To investigate the effect of the defects on the transport properties of ZnONR, Figure 7 shows the electron transport pathways for the spin-up and spin-down states of M1 and M3 under zero bias. The transport pathways can analyze the contribution of local bonds to the transmission coefficient.[38] As illustrated in Fig. 7, the direction of the transport pathways is indicated by colored arrows (e.g., blue and purple arrows point to the right, and red arrows point to the left). The size of the arrows indicates the magnitude of the transport pathways. There are two types of transmission channels: one is a chemical bond between zinc and oxygen, and the other is a hopping channel between the same atoms. This phenomenon also occurs in the devices that are based on MoS2.[39] Figure 7 indicates that the transmission occurs mainly through the edges of ZnONR and reaches the other electrode. This observation is consistent with the result of the Bloch state analysis in Fig. 3. For M1, the spin-up electrons are transferred through the Zn atoms located at the Zn edge. Concurrently, some of the electrons are reflected to the left electrode by the Zn–O bond. When the Zn-edge defects are generated, the spin-up electron transport channels are destroyed, and the spin-up electrons are strongly scattered near the defects. Therefore, the spin-up current is severely suppressed. However, for the spin-down electrons, there are two spin-down transport channels, which are located at the zinc and oxygen edges. The Zn-edge transport channel is aligned with the spin-up transport channel, and the O-edge transport channel is composed of Zn–O bonds. When the Zn-edge defects are generated, the spin-down transport channel of the zinc edge completely disappears. Accordingly, the spin-down transport channel remains constant at the edge of oxygen. Therefore, in M3, the spin-up transport channel is severely damaged or suppressed, and the spin-down transport channel is preserved.

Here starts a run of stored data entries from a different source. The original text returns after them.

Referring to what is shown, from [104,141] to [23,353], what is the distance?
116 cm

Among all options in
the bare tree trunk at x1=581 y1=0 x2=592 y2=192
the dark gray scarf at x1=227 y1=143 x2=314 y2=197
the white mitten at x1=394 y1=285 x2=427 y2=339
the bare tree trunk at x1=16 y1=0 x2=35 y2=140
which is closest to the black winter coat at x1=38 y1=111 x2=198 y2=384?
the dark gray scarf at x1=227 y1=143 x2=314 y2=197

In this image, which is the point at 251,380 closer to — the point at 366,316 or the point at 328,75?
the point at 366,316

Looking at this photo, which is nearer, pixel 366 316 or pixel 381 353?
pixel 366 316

Fig. 7. Transport pathways for spin-up and spin-down states of M1 and M3 under zero bias.
4. Conclusions
In this work, by using first principle based on DFT combined with NEGF, we studied the electronic structure of intrinsic ZnONR. By analyzing the band structure, split-state density, and Bloch states, we reveal that the energy bands of ZnONR exhibit spin splitting near the Fermi level. The spin-down current has a significant NDR effect. In addition, the Bloch state of the energy band of the spin splitting is distributed at the edge of ZnONR. By using the edge defect modulation, we constructed M2 and M3 devices. The SFE of M3 demonstrates that it has a perfect spin-filtering effect. The M3 device, which possesses a simple structure without stacked layers and external magnetic-field regulation, can be used to fabricate a spin filter.